**Brief:** Leaving out the pictures, return word for word the stretch of entries below from the line holding "More Photos Of" through the line holding "PocketUni preview".

• • • •

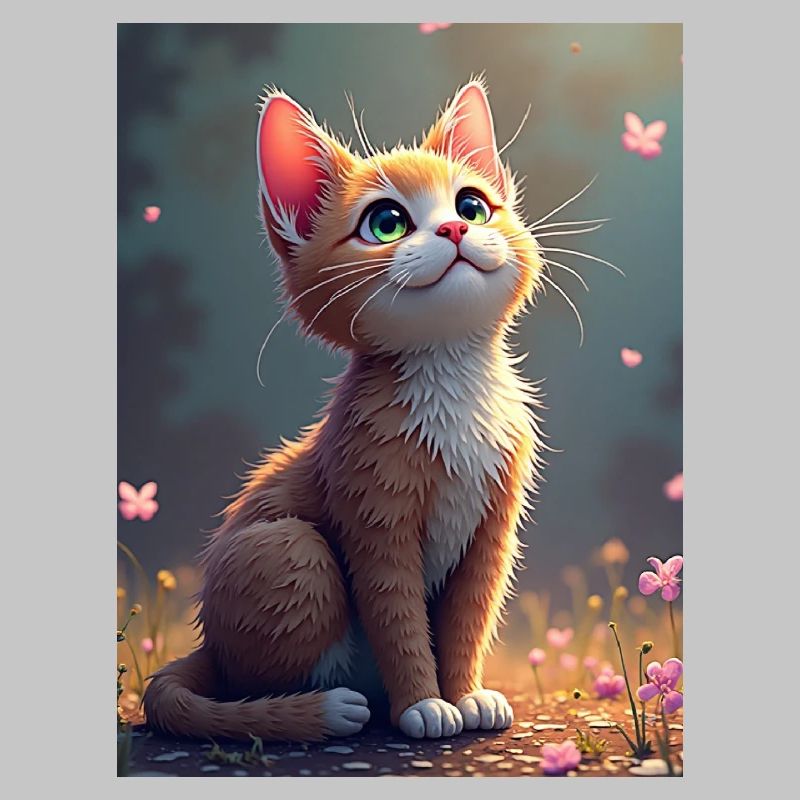 chaton_mignon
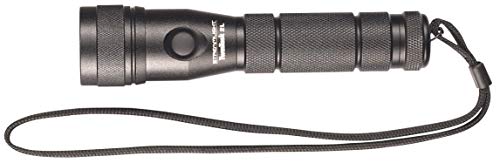 Streamlight 51037 Twin-Task 2L Lithium Battery Powered Led Flashlight, Black - 350 Lumens #TOP1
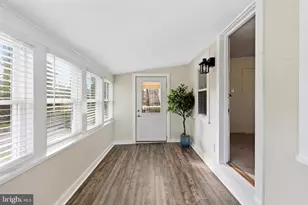 219 Fox Rd, Media, PA 19063 - Photo 14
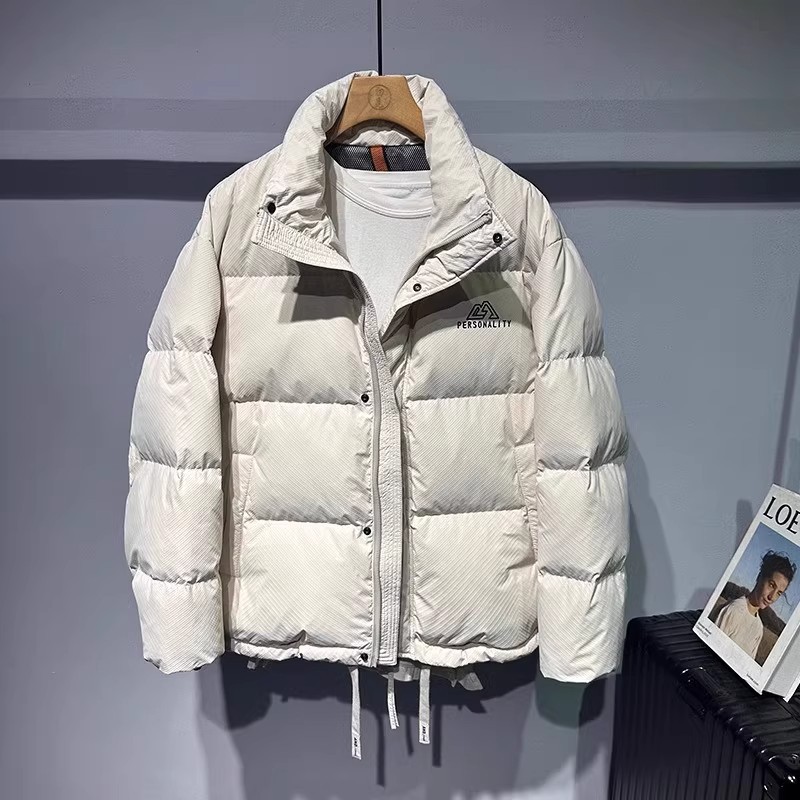 Men Jackets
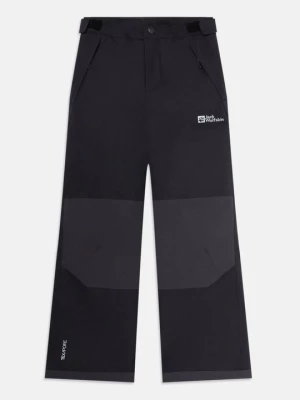 Obrázek produktu Lyžařské kalhoty Jack Wolfskin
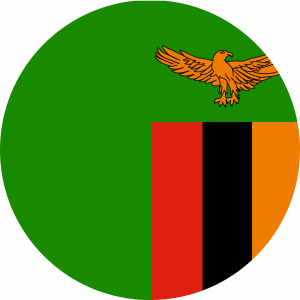 Zambia eSIM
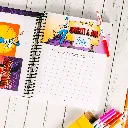 The-Word-in-Motion-Old-Testament-Notebooking-Journal-Lesson-16-1 (1).webp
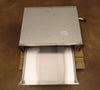Thermador WD30W 30" Panel Ready Warming Drawer with 2.2 cu. ft. Capacity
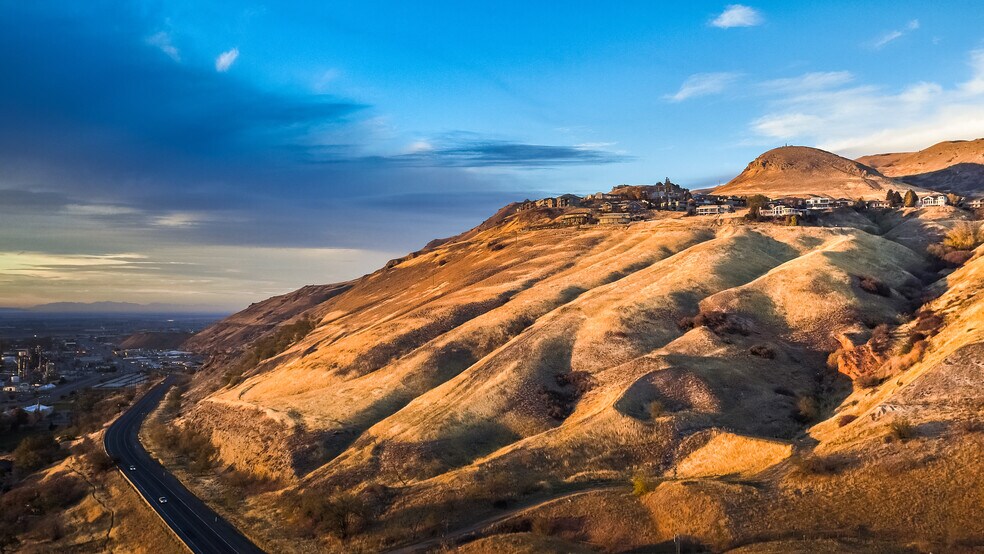 More Photos Of 641 Victory rd, Salt Lake City Land For Sale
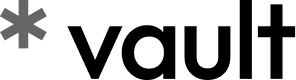 Zero Fault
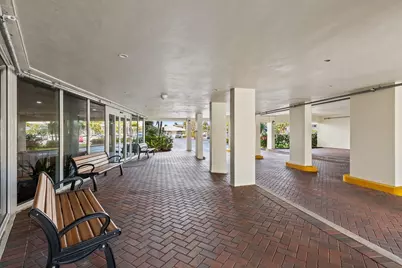 3200 NE 36th Street #612, Fort Lauderdale, FL 33308 - Photo 27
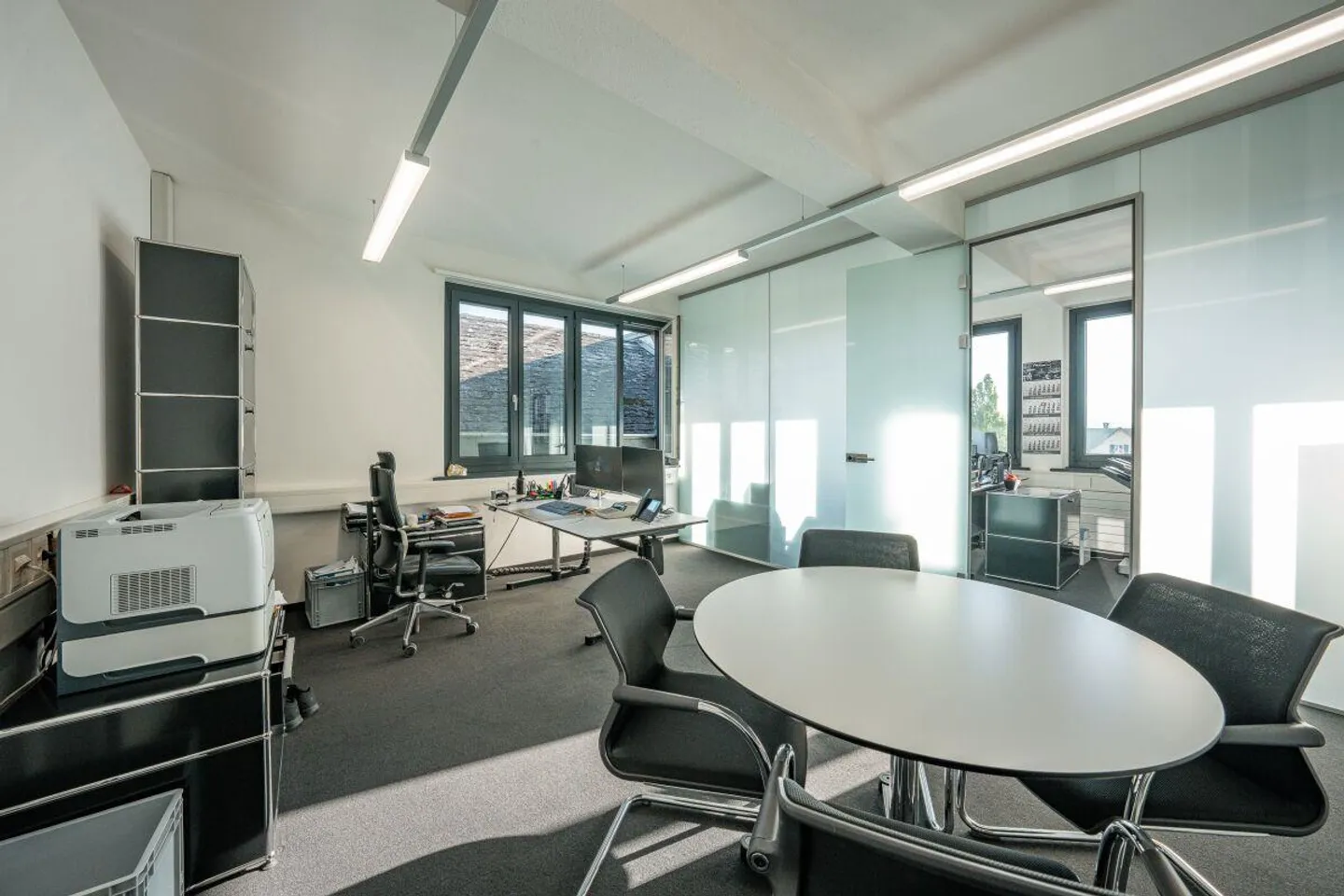 Commercial Property with Land Reserve - Photo 4 of 9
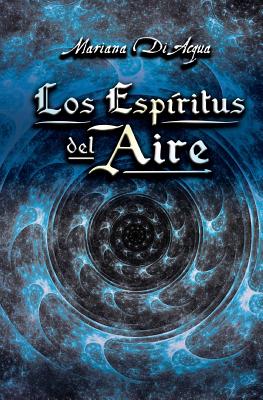 Los Espíritus del Aire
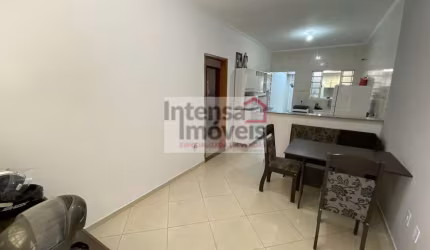 Casa em Parque Aeroporto, Taubaté/SP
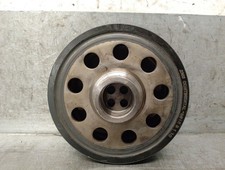 Poulies diverses BMW 520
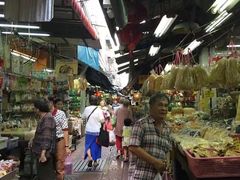 -唐人街(耀华力路)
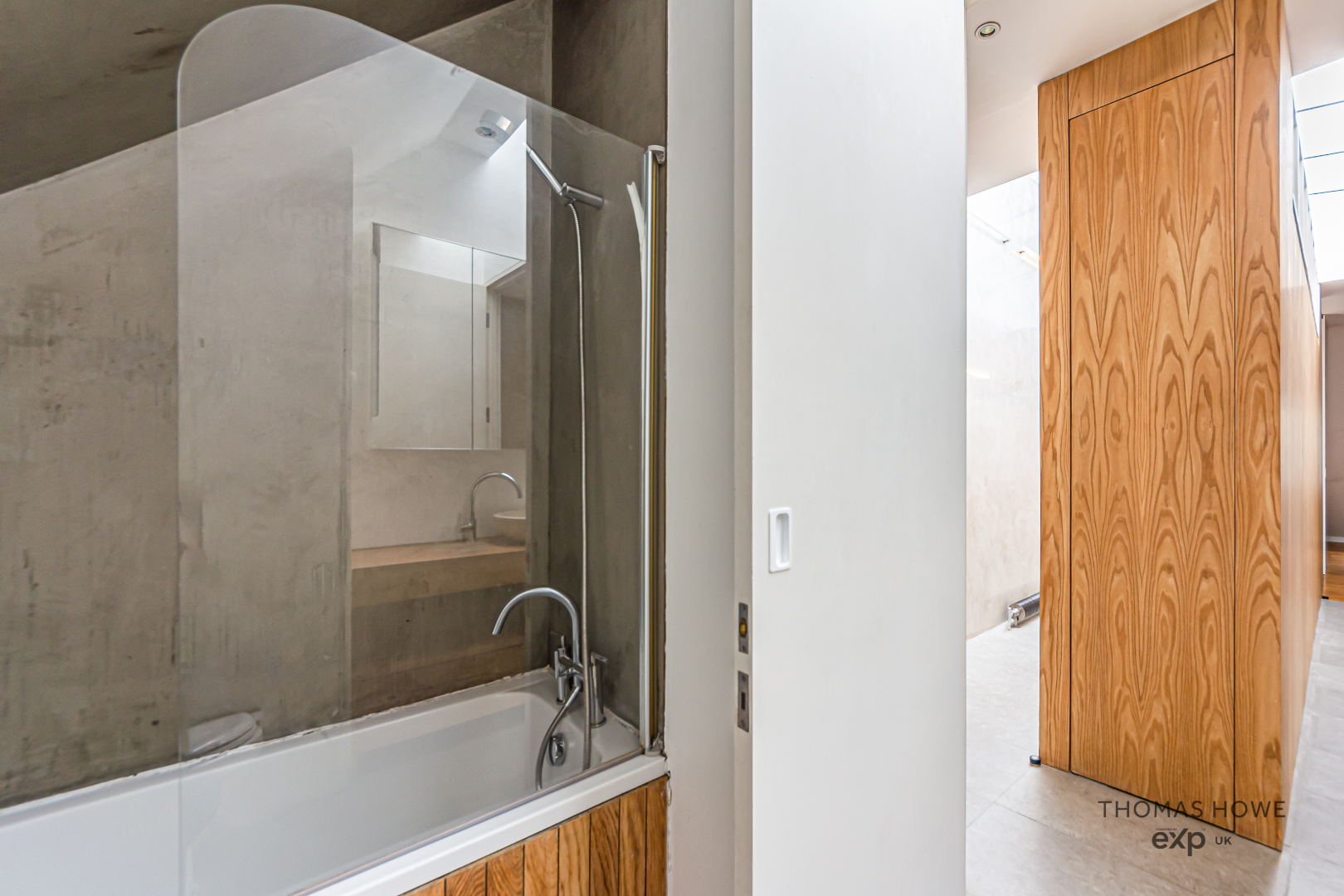 property-photo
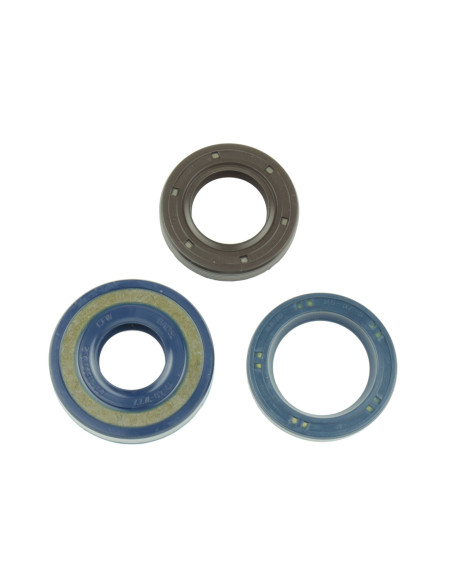 Pochette de joints spi bas moteur ATHENA - CAGIVA 125 SST 1978-1981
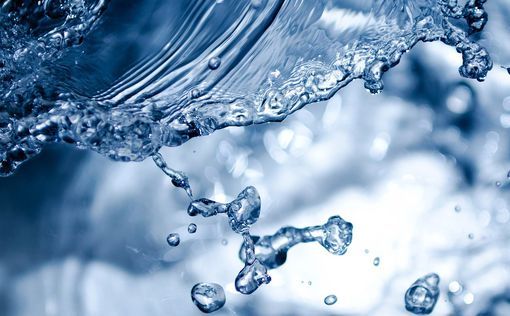 Отсутствие чистой питьевой воды у 95% жителей Газы грозит гумманитарным кризисом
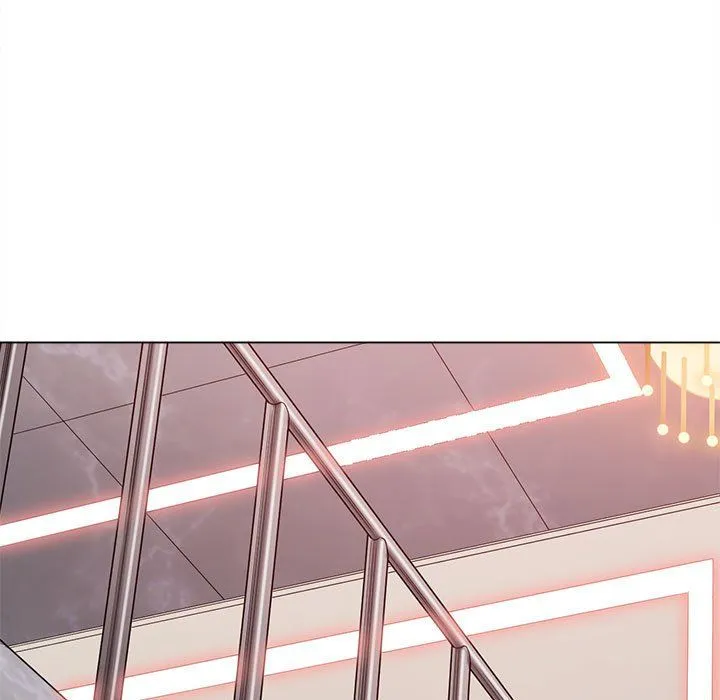 难缠小恶女 - 第221話 - page 31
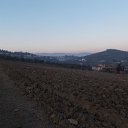 DSCN3269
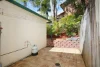 11/482 Pine Ridge Road, Coombabah, Qld 4216-Image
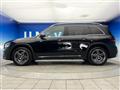 2023 Mercedes-Benz Mercedes-Benz Others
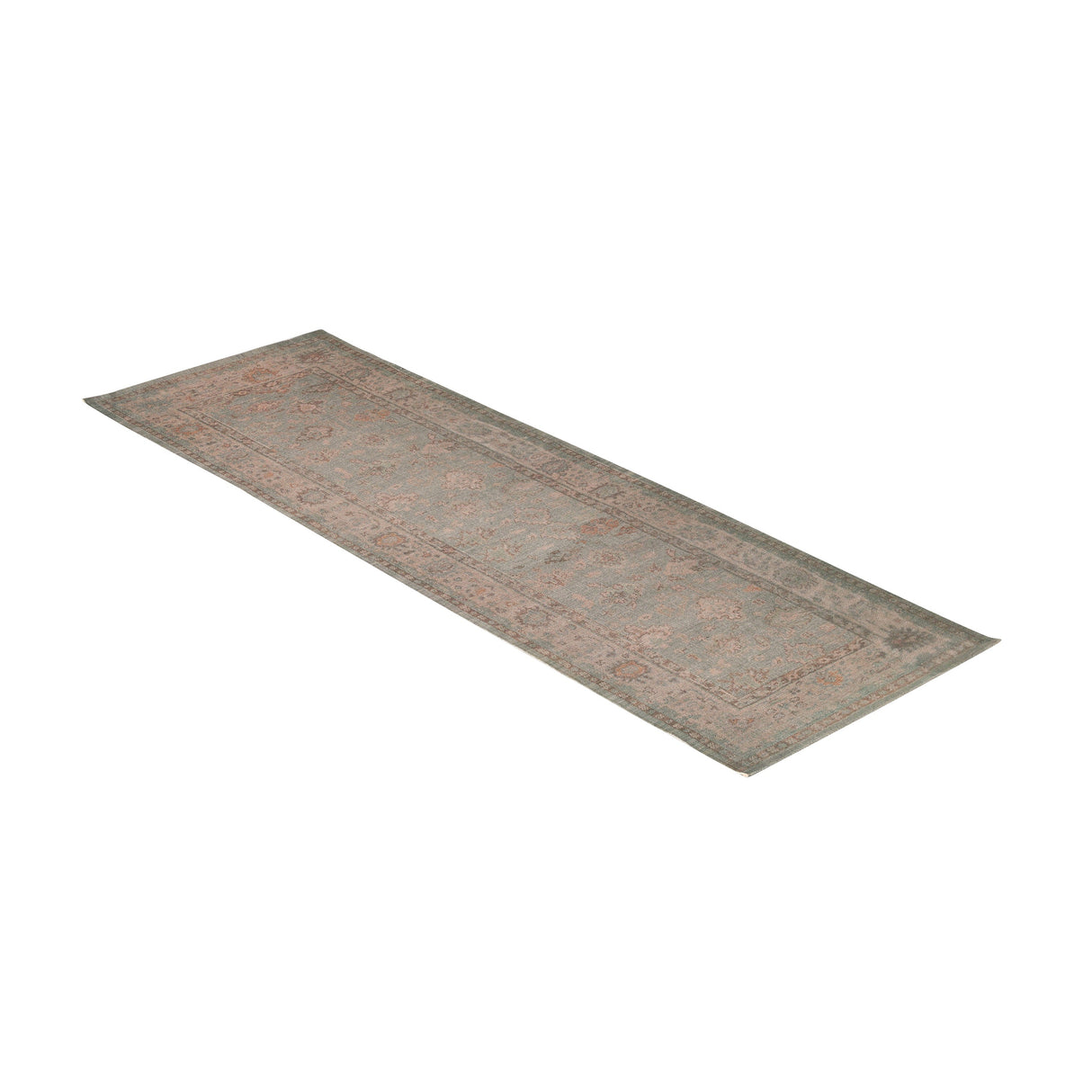 Roni Area Rug by TOV Furniture at Eve Furniture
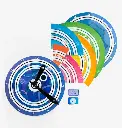 Ozobot-STEAM-Kits-Ozo-indica-hora-img04.webp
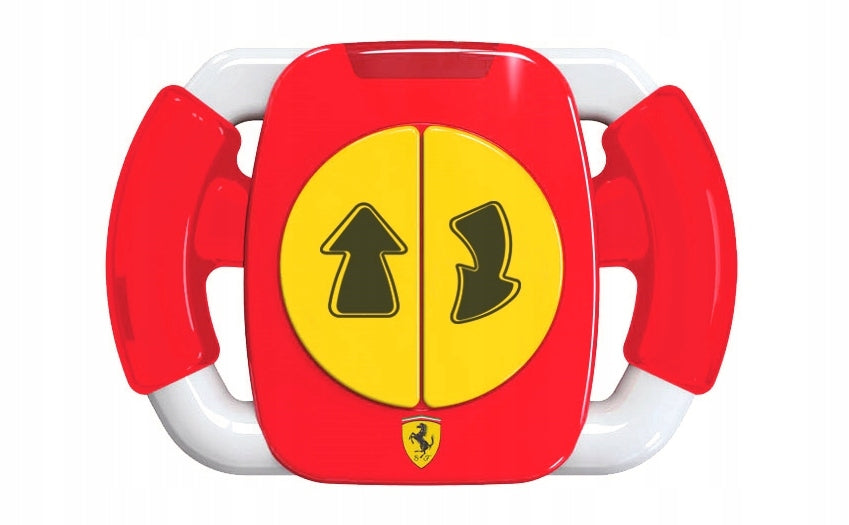 BBURAGO LaFerrari Remote controlled vehicle 82002 Manufacturer code 82003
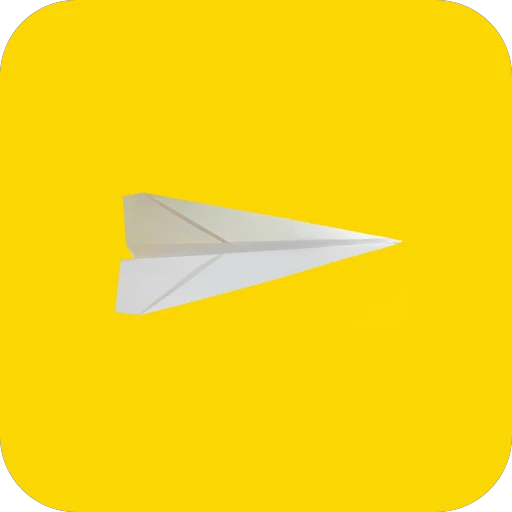 PocketUni preview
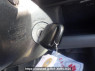 Used 2010 AT toyota probox-van NCP51V Image[22]
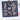 Altenew Creative Cuts Zero Waste Embroidered Motifs Die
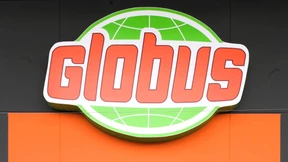 Zerreißprobe für den Flächentarifvertrag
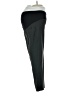 Old Navy - Maternity Black Active Pants Size S - photo 5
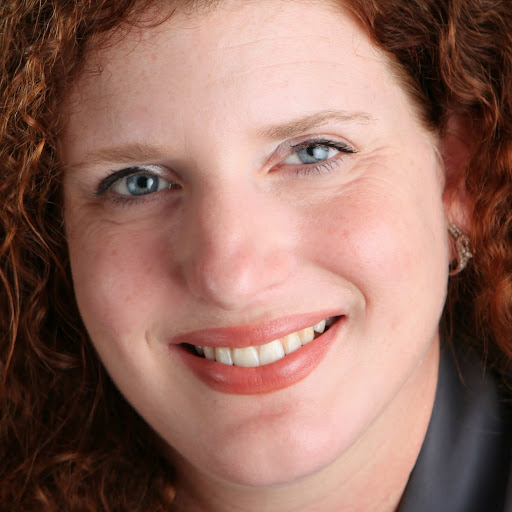 Debbie Shulman Photo 3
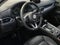 2022 Mazda Mazda CX-5 2.5 S Premium Package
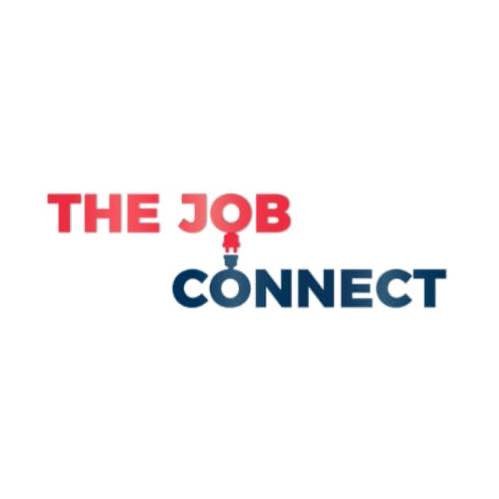 The Job Connect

• • • •

**Task response:**
 More Photos Of 641 Victory rd, Salt Lake City Land For Sale
 Zero Fault
 3200 NE 36th Street #612, Fort Lauderdale, FL 33308 - Photo 27
 Commercial Property with Land Reserve - Photo 4 of 9
 Los Espíritus del Aire
 Casa em Parque Aeroporto, Taubaté/SP
 Poulies diverses BMW 520
 -唐人街(耀华力路)
 property-photo
 Pochette de joints spi bas moteur ATHENA - CAGIVA 125 SST 1978-1981
 Отсутствие чистой питьевой воды у 95% жителей Газы грозит гумманитарным кризисом
 难缠小恶女 - 第221話 - page 31
 DSCN3269
 11/482 Pine Ridge Road, Coombabah, Qld 4216-Image
 2023 Mercedes-Benz Mercedes-Benz Others
 Roni Area Rug by TOV Furniture at Eve Furniture
 Ozobot-STEAM-Kits-Ozo-indica-hora-img04.webp
 BBURAGO LaFerrari Remote controlled vehicle 82002 Manufacturer code 82003
 PocketUni preview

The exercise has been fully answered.